About:
I am Jackson Vanover. I received my Ph.D. in Computer Science from UC Davis where I researched practical tools for testing and tuning numerical code.
Contact:
jacksonvanover [at] gmail [dot] com
DISCUSSED: questionably memory-bound matmuls, warm vs cold caches, Agner Fog's meticulously constructed instruction tables, my trash test system, grad student email listservs
During grad school at UC Davis, I spent a lot of time with students from the various ecology departments who introduced me to a strange and wonderful mailing list called eco-social through which I acquired a desktop tower for dirt cheap. My only goal with such a system was to have a personal machine at my house that I could SSH to for development. It has served its purpose well! In fact, it is the machine I used to perform all of the experiments for the EXCVATE paper.
How fast can this thing execute SGEMM?
To get an idea of what’s possible on this trash test system, let’s benchmark the BLIS implementation of SGEMM and compare its performance to the machine’s roofline model.
We are considering the operation \(C=AB+C\) with \(C \in \mathbb{F}^{m \times n}, A \in \mathbb{F}^{m \times k}, B \in \mathbb{F}^{k \times n}\) where \(\mathbb{F}\) is the set of 32-bit floating-point numbers.
Compiling BLIS: We compile for the sandybridge architecture for which BLIS has a pre-configured multithreaded build.
Spanning shapes and sizes: We run the BLIS implementation of SGEMM spanning different shapes and sizes per the following pseudo code:
int min_dim = 16;
int max_dim = 1024;
for ( int m = min_dim; m < max_dim; m = 2*m ){
for ( int n = min_dim; n < max_dim; n = 2*n ){
for ( int k = min_dim; k < max_dim; k = 2*k ){
...
}
}
}
Measuring performance: For each parameterization of SGEMM, we measure the FLOPs/second using \(\frac{2mnk}{t}\) where \(t\) is the minimum execution time in seconds over 10 executions; this is intended to account for run-to-run performance variability and to exclude any outliers due to cold caches. Subsequent multiplication by \(10^{-9}\) gives us GFLOPs/second.
Calculating arithmetic intensity: We calculate arithmetic intensity by dividing the GFLOPS/second measured above by \(4(2mn + mk + kn)\), i.e., \(2mn\) reads/writes of C, \(mk\) reads of A, \(kn\) reads of B, and each element is a 4 byte float.

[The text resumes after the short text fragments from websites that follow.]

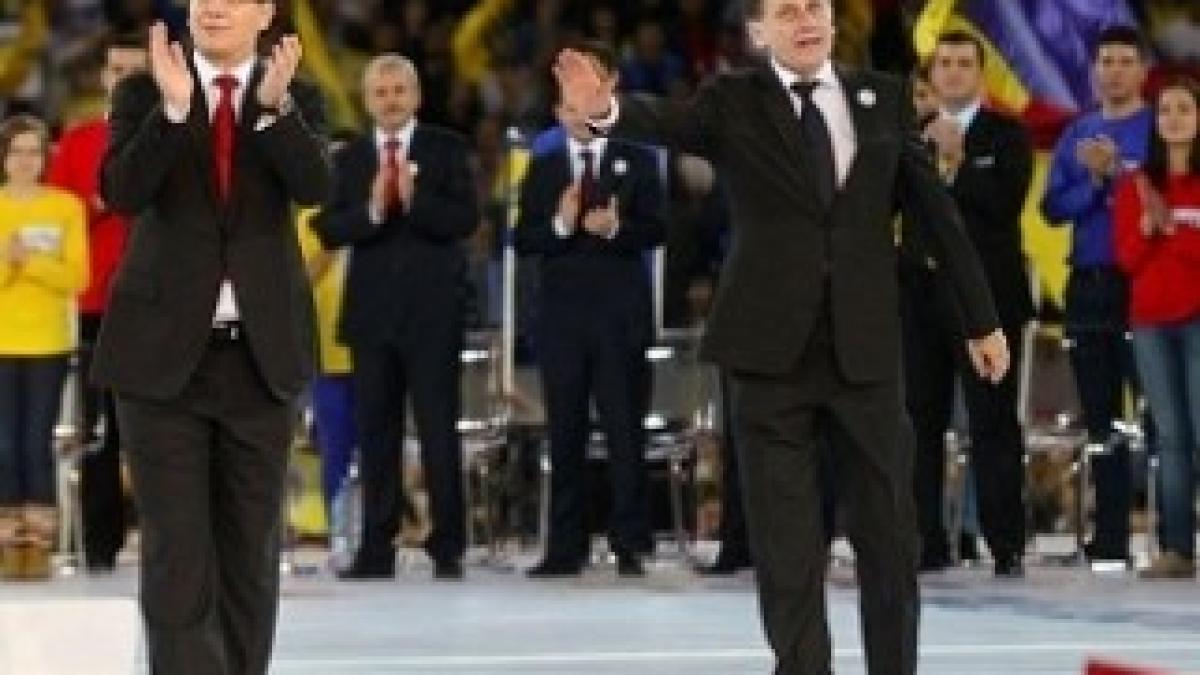 crin-antonescu-victor-ponta-dc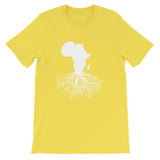 Roots of Humanity t-shirt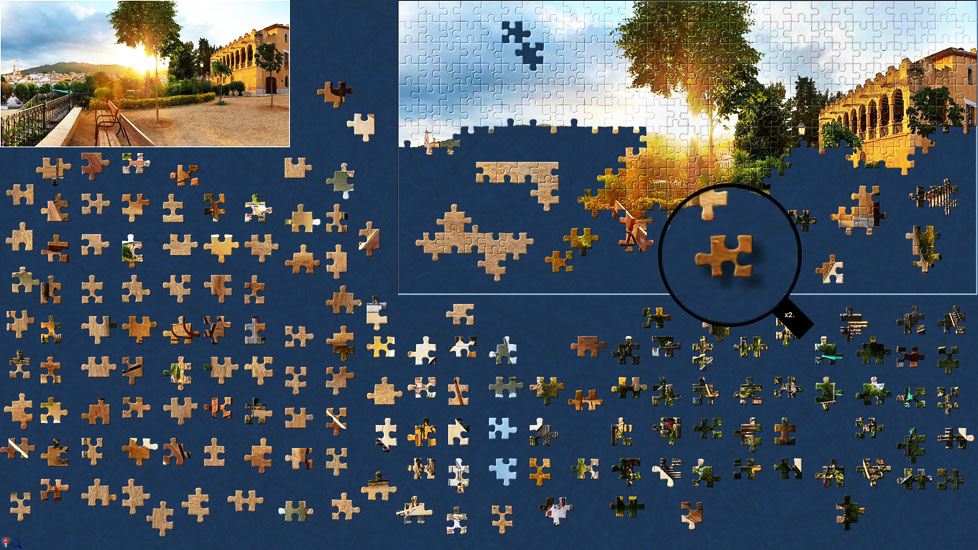 brainsbreaker 4 puzzle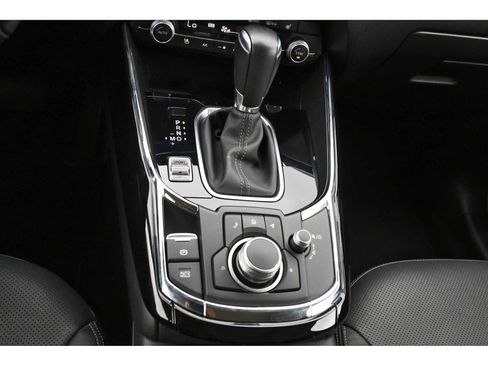 Used 2023 MAZDA CX-9 Touring Plus image 27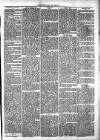 Clare Advertiser and Kilrush Gazette Saturday 11 November 1871 Page 5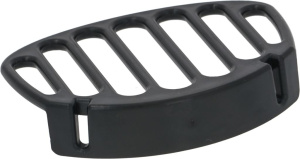 РЕШЕТКА ЗАЩИТНАЯ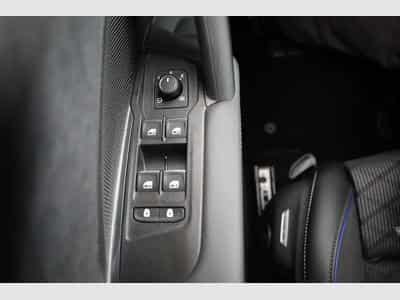 VW Tayron 1.5 TSI eHybrid 150 kW R-Line (2026) - Photo 9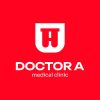 Doctor A  - diagnostika markazi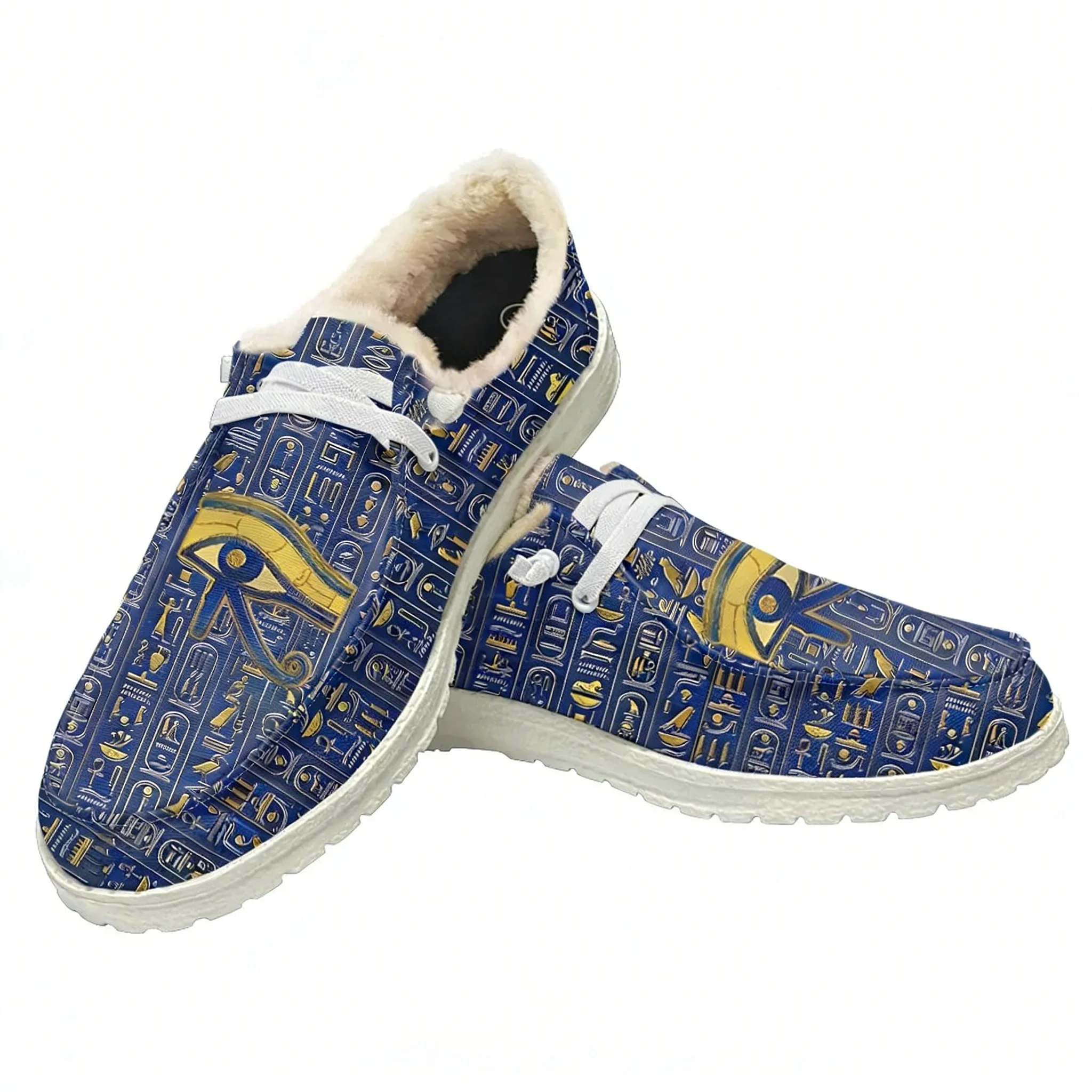 Eye of Egypt Horus Egyptian Go - đánh giá và giá Women Shoes Egypt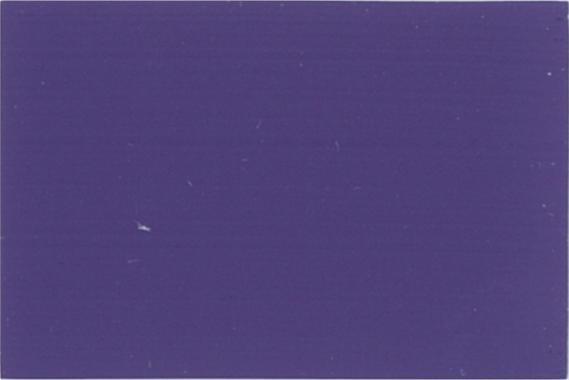 Image du produit Lascaux 933 (Violet, 500 ml)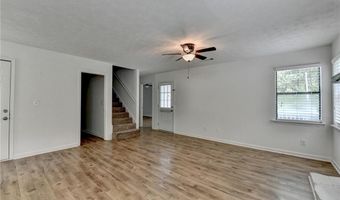 4278 Trotters Ln, Auburn, GA 30011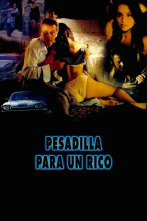 Imagen de Pesadilla para un rico - 2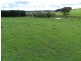 5744 Oberon  Road, Taralga NSW 2580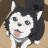 9be7b15f3bfb53b22c7922f00f9bf6a5_w48_h48
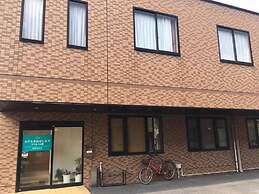 Hotel Tajimi Hills My Room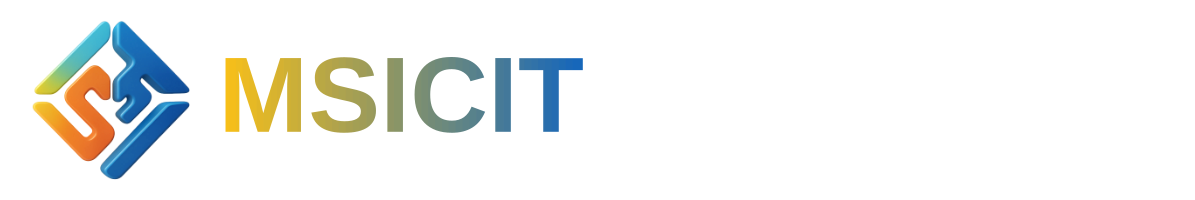 MSICIT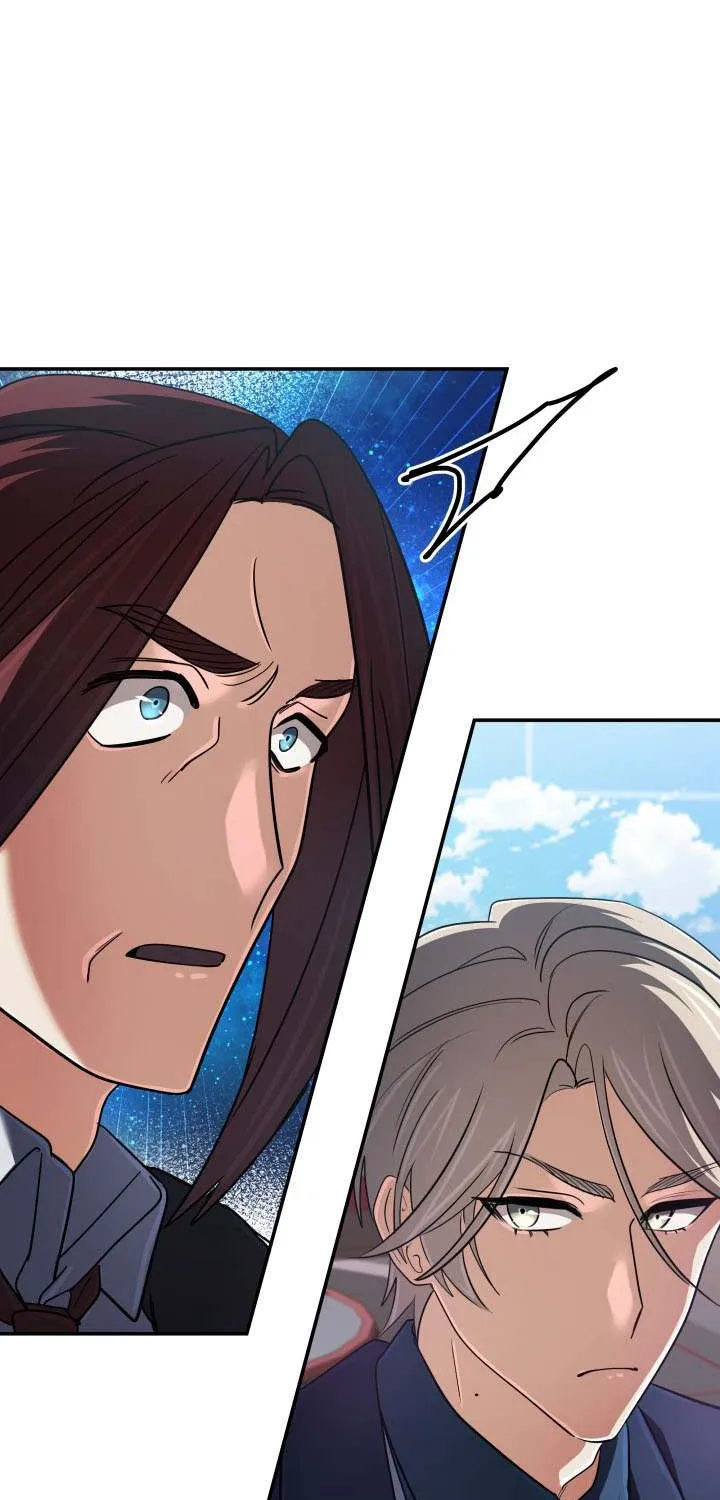 The Return of the Mythical Archmage Chapter 72 page 23 - 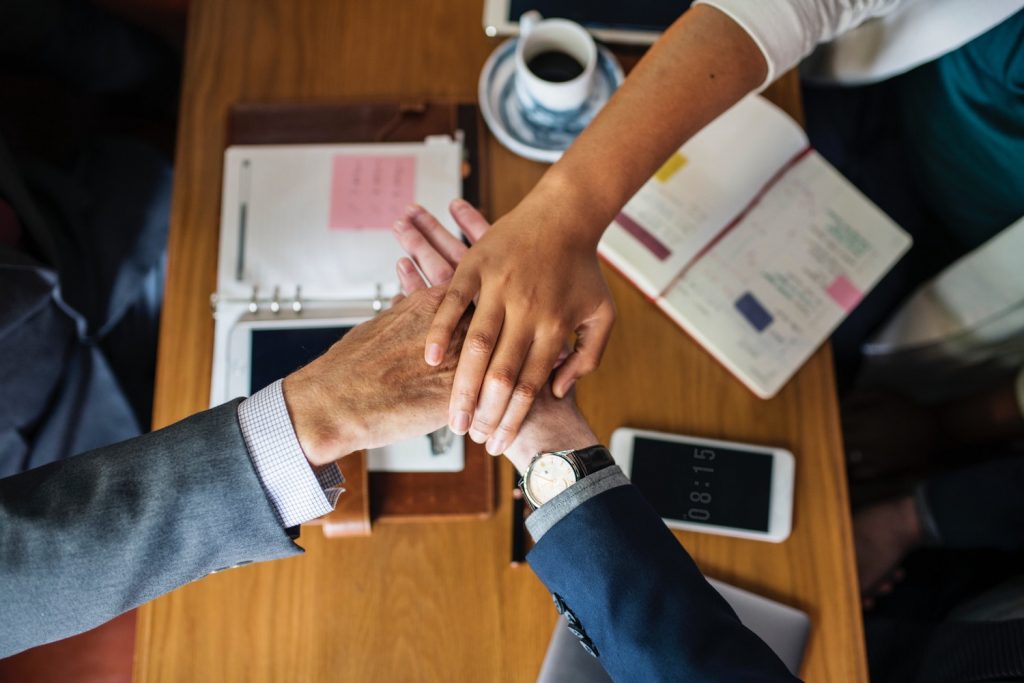 globaltechnology-teamwork-clients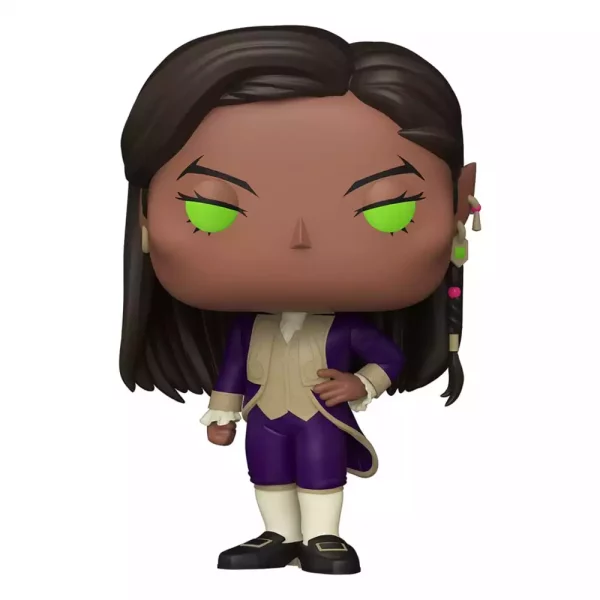 castlevania-nocturne-pop-animation-vinyl-figure-olrox-9-cm-1784852675-0
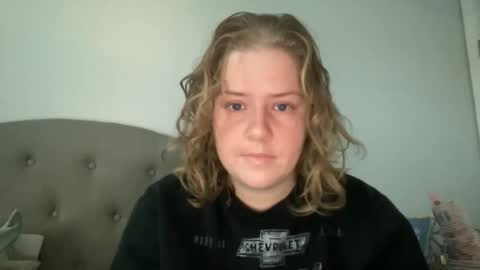 Angel of Light online show from 02-07-26, 12:42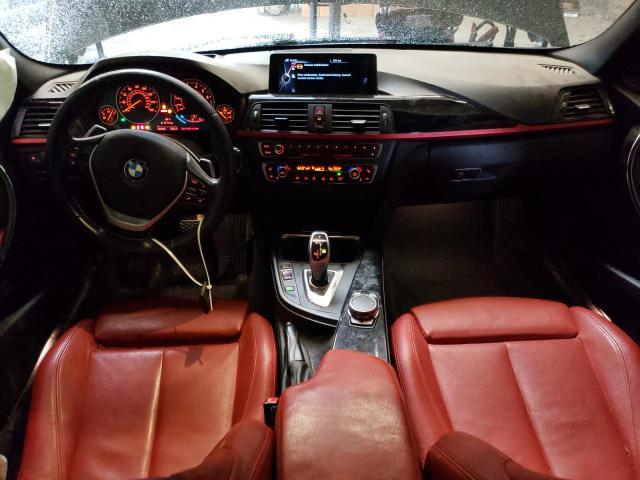 WBA3A5G58FNS84821 BMW 328 I
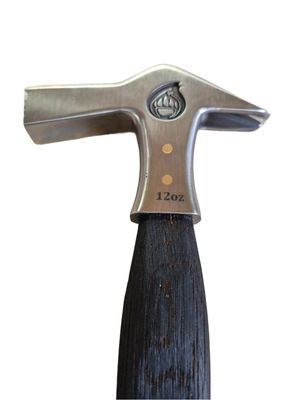 YUKON FORGE DRIVING HAMMER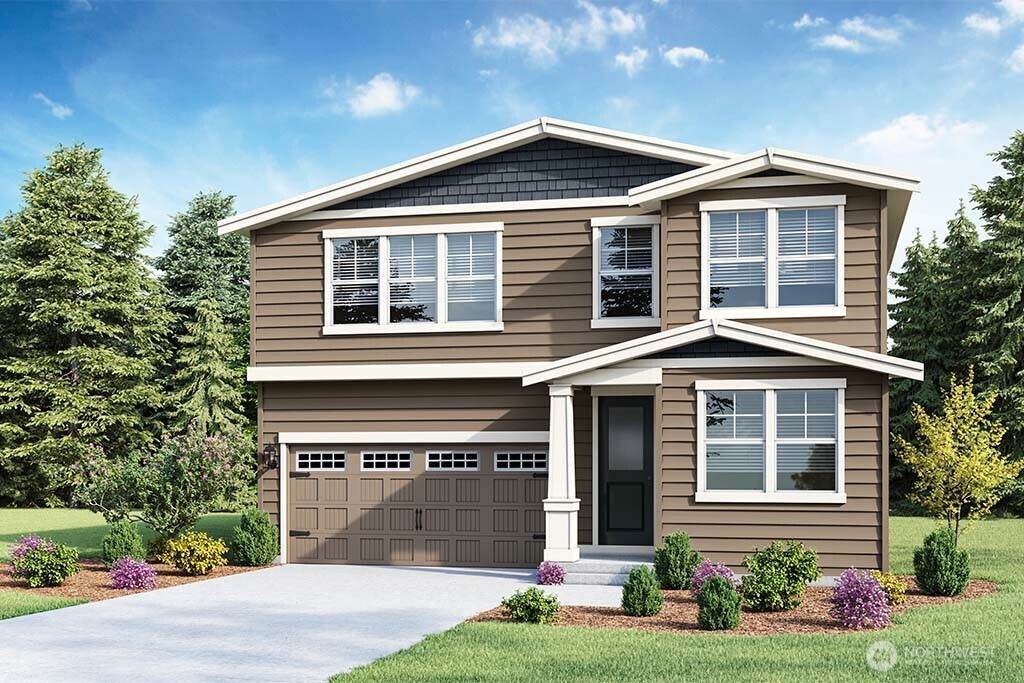 10432 135th Avenue - Photo 1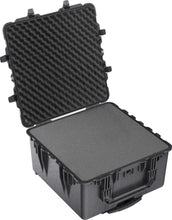 PELICAN | Protector Transport Case | 1640-000-110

Initializing the A and B matrices: Elements of A and B are initialized with values drawn from \(U(0,1)\).
Additional Information: To get an idea of how “rectangular” the matmul is, we will also measure the maximum dimension ratio. If m=k=n (all matrices are square), this quantity will be 1. If m=1, k=2, and n=3, this quantity will be 3.
The theoretical peak performance of the i7-3770K processor (measured in GFLOPs/second) can be calculated according to (Processor Frequency in GHz) x (# of Operations per cycle) x (# of Operands per Register) x (# of Physical Cores). The details below come from the output of lscpu and from Agner Fog’s instruction tables.
→Plugging these values in yields a peak GFLOPs/second of 224 or 249.6 with Turbo Boost.
The theoretical peak memory bandwidth (measured in GB/second) can be calculated according to (Memory Bus Width in Bytes) x (Memory Transfer Rate in MT/second) x (# active channels) / 1000. The details below come from the output of dmidecode -t memory:
→Plugging these values in yields a peak memory bandwidth of 21.328 GB/second.
Why do some parameterizations of BLIS SGEMM surpass the theoretical memory bound?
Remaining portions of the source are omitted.